Let's check the performance of some other plugins. The strigi png extractor was clearly faster than the KFileMetaInfo based one, but how about the other fileformats?
So, I went looking for a fileformat which was abundantly available on my pc, and supported by both strigi and kfile. Not much choice, but in the end, xpm turned out to be interesting. Again, xmlindexer was a lot faster. It took xmlindexer 13 seconds to extract the meta-data from all xpm files on my disk, while kfile needed almost 2 minutes (average over 3 runs again).
Now I'm really wondering why the difference is so big. So I went to sysprof to figure out what was happening. It can show you what an app is spending it's time on.
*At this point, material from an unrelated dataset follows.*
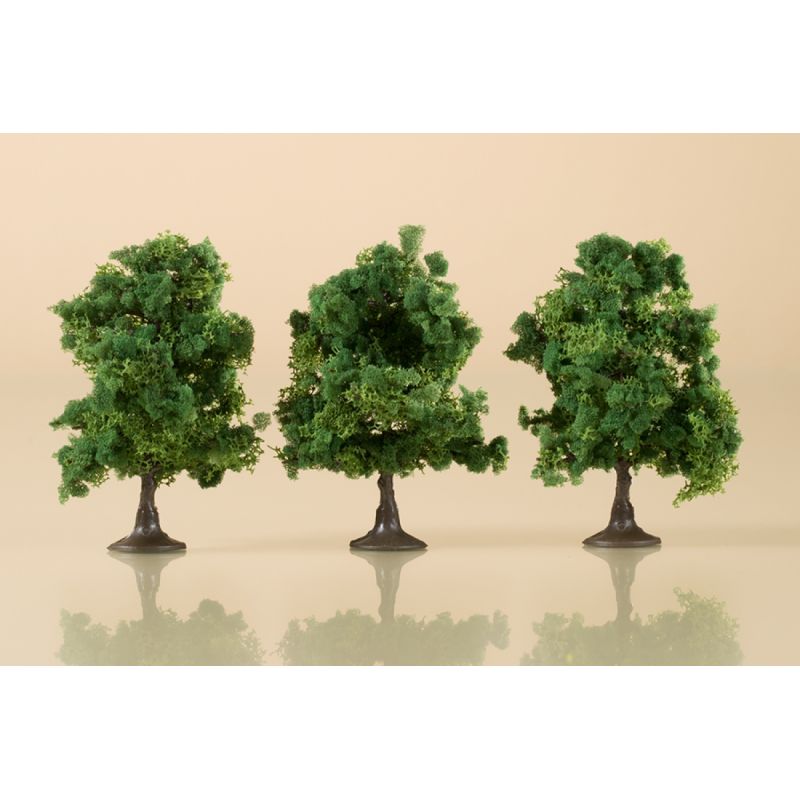 Auhagen 70936  Lombos fák, sötétzöld, 7 cm, 3 db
Looking at the results, it seems kfile spends only a very small percentage actually reading the metainfo. Most of it's time, around 50%, it's trying to figure out what mimetype the file is, using kmimetype! So that's the slow part... In the xpm case, a bit more than 3% was spend in reading meta-data, while with the png plugin, it was less than 0.2%!
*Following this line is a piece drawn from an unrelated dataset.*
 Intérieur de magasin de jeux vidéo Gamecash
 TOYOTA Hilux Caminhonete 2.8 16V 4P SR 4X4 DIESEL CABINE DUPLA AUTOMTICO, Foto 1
So the speed difference between kfile and strigi's xmlindexer wasn't really in reading meta-data itself, it was mostly in figuring out the mimetype in KDE. Which strigi does much more efficient.
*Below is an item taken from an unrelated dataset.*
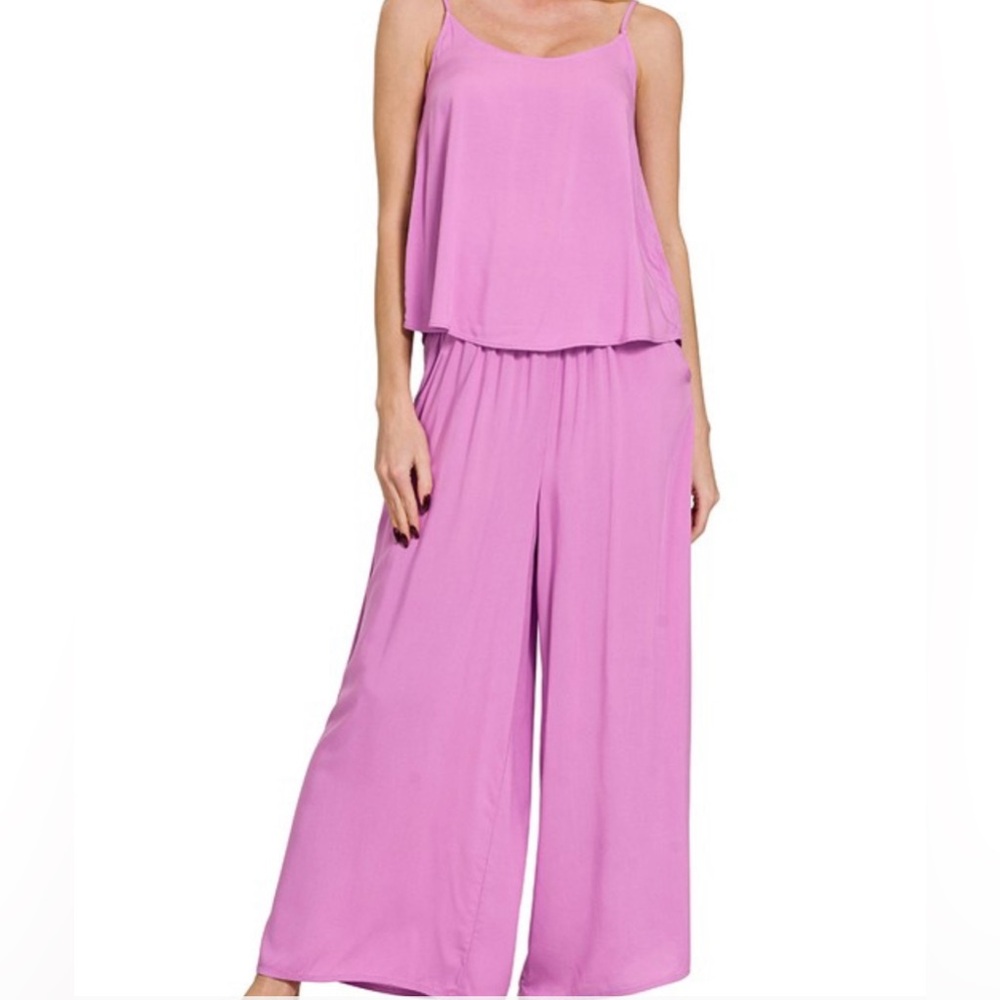 Zenana NWT Women's loungewear 2 piece set. Cami Top with Comfy bottom/pockets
What does this say about strigi performance? Well, we're back to square one. It's not reliably possible to correct for the slowness of kmimetype, so I can't figure out how much faster (or slower, but I think that's not very likely) the strigi meta-data extractors are compared to kfilemetainfo. At least, we know if someone would write a strigi analyzer for it, figuring out mimetype will be a lot faster in KDE 4...
And of course, strigi could use it's database for meta-data - which might give a big speedup after all. And it will allow things like special directory listings based on some property of the data.